======== MATERIAL FOR THIS EXERCISE
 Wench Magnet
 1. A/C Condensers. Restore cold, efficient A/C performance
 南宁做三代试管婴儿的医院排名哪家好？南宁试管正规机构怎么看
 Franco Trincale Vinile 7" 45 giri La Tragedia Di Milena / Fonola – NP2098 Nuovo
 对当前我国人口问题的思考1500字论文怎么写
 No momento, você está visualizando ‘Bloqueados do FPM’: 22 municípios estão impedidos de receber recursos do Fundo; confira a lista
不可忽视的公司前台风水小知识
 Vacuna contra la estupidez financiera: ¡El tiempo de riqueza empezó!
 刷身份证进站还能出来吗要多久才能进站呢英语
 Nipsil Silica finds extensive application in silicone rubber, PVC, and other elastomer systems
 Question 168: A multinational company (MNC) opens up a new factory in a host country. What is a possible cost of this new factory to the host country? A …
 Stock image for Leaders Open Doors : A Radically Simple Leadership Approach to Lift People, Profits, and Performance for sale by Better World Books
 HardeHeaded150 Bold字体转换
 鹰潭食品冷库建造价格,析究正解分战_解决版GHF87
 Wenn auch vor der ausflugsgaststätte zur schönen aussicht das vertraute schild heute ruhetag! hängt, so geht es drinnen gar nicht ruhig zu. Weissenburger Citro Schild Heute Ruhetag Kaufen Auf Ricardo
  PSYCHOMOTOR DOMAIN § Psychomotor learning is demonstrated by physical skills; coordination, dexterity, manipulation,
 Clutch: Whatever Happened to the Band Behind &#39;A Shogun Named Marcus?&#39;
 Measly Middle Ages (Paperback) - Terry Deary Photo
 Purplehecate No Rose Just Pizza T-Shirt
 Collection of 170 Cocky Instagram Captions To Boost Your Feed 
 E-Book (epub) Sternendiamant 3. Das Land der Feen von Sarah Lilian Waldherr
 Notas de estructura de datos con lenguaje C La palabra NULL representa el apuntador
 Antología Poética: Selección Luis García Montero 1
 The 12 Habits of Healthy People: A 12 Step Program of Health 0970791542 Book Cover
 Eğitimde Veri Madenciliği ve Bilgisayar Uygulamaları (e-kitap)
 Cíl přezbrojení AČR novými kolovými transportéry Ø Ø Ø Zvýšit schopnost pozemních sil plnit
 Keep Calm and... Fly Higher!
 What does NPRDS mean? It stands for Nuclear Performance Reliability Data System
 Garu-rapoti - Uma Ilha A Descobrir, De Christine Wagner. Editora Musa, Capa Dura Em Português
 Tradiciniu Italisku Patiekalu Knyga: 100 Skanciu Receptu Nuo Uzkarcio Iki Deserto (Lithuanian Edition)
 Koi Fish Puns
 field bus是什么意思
================
■ TASK DETAILS ■
Stop at the line containing "E-Book (epub) Sternendiamant". Please print exactly every line before it from the start of the records, plus that line itself, and nothing else.

■ RESPONSE TO THIS EXERCISE ■
 Wench Magnet
 1. A/C Condensers. Restore cold, efficient A/C performance
 南宁做三代试管婴儿的医院排名哪家好？南宁试管正规机构怎么看
 Franco Trincale Vinile 7" 45 giri La Tragedia Di Milena / Fonola – NP2098 Nuovo
 对当前我国人口问题的思考1500字论文怎么写
 No momento, você está visualizando ‘Bloqueados do FPM’: 22 municípios estão impedidos de receber recursos do Fundo; confira a lista
不可忽视的公司前台风水小知识
 Vacuna contra la estupidez financiera: ¡El tiempo de riqueza empezó!
 刷身份证进站还能出来吗要多久才能进站呢英语
 Nipsil Silica finds extensive application in silicone rubber, PVC, and other elastomer systems
 Question 168: A multinational company (MNC) opens up a new factory in a host country. What is a possible cost of this new factory to the host country? A …
 Stock image for Leaders Open Doors : A Radically Simple Leadership Approach to Lift People, Profits, and Performance for sale by Better World Books
 HardeHeaded150 Bold字体转换
 鹰潭食品冷库建造价格,析究正解分战_解决版GHF87
 Wenn auch vor der ausflugsgaststätte zur schönen aussicht das vertraute schild heute ruhetag! hängt, so geht es drinnen gar nicht ruhig zu. Weissenburger Citro Schild Heute Ruhetag Kaufen Auf Ricardo
  PSYCHOMOTOR DOMAIN § Psychomotor learning is demonstrated by physical skills; coordination, dexterity, manipulation,
 Clutch: Whatever Happened to the Band Behind &#39;A Shogun Named Marcus?&#39;
 Measly Middle Ages (Paperback) - Terry Deary Photo
 Purplehecate No Rose Just Pizza T-Shirt
 Collection of 170 Cocky Instagram Captions To Boost Your Feed 
 E-Book (epub) Sternendiamant 3. Das Land der Feen von Sarah Lilian Waldherr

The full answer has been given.